Monday, September 19, 2022

First Things First

"Head on downstairs and grab some time to yourself," my husband offered. I had an hour, at best, before the ravaging hoards would be looking for dinner. I raced to my office and began searching through my "Draft" folder to see what articles I could quickly complete.

So, you're not even going to spend some time in Scripture, first?

"I've got an hour," I protested. "I haven't got time for that right now."

I mean, not even a prayer?

"Ok, Jesus. Um, thank You for this time. May my words be Your words. Amen." And I dug in. Two hours later, dinner wasn't on the table, I think I'd deleted twice as much as I'd typed, and I stomped up the stairs annoyed. "Why can't these people make their own dinner," I thought. "There has to be a better way; I hardly have any time to work on the things I need to do. I get so tired of serving everyone else around here. Who serves me?" blah blah blah, murmur murmur

It was Martin Luther who said:

"I have so much to do today that I'm going to need to spend three hours in prayer in order to be able to get it all done."

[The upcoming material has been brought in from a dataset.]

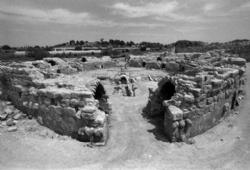 Amfiteatrum Israel Beit Gouvrin Eleutheropolis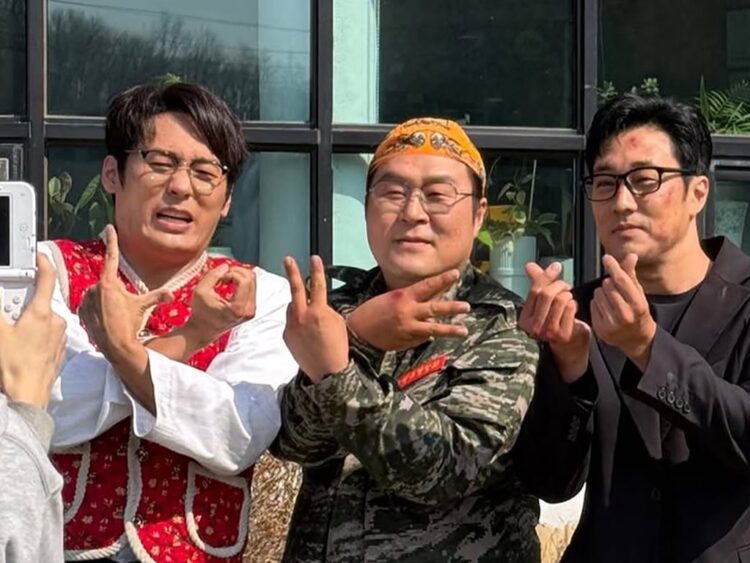 Agente Kim Reactivado llega a su desenlace en Netflix con una importante misión | AMEXI/FOTO: RRSS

I'm not sure whether everything on his list got checked off that day, but if it didn't, I know he was better for it.

Throughout Scripture, God requires of His people the "first fruits" of their labors. First fruits. Whatever we've got, His comes right off the top; whether it's our paychecks or "time to ourselves." He knows we are naturally self-centered. If we wait to give God His due, we get careless, distracted, forgetful at best. I think, more accurately, we figure nothing bad has happened yet; He won't miss it. And we go on about life as if we have control. 

You see, I know I get more done when I pray. I know the thoughts and words pour out of me almost too quickly to type them, when I come to God first, giving Him all my attention and seeking His plan for that time. Whether it be an hour or only a minute or two, a heart poured out in earnest first, is what God requires and what works best if I am to hear His voice (even if it doesn't make print). I know this. But there are times I am too stubborn, too self-seeking, too rebellious to listen to even my own good sense telling me what is best. Those are the times that end up most often, in frustration. I can't seem to find the words. My ideas go completely off the rails. And my family becomes more of a burden to me than a blessing. Not really, but that's how badly my entire perspective is affected in my rebellion.

I have so much to do today, I must first spend as much time with God as He directs. May that be the standard for all our endeavors.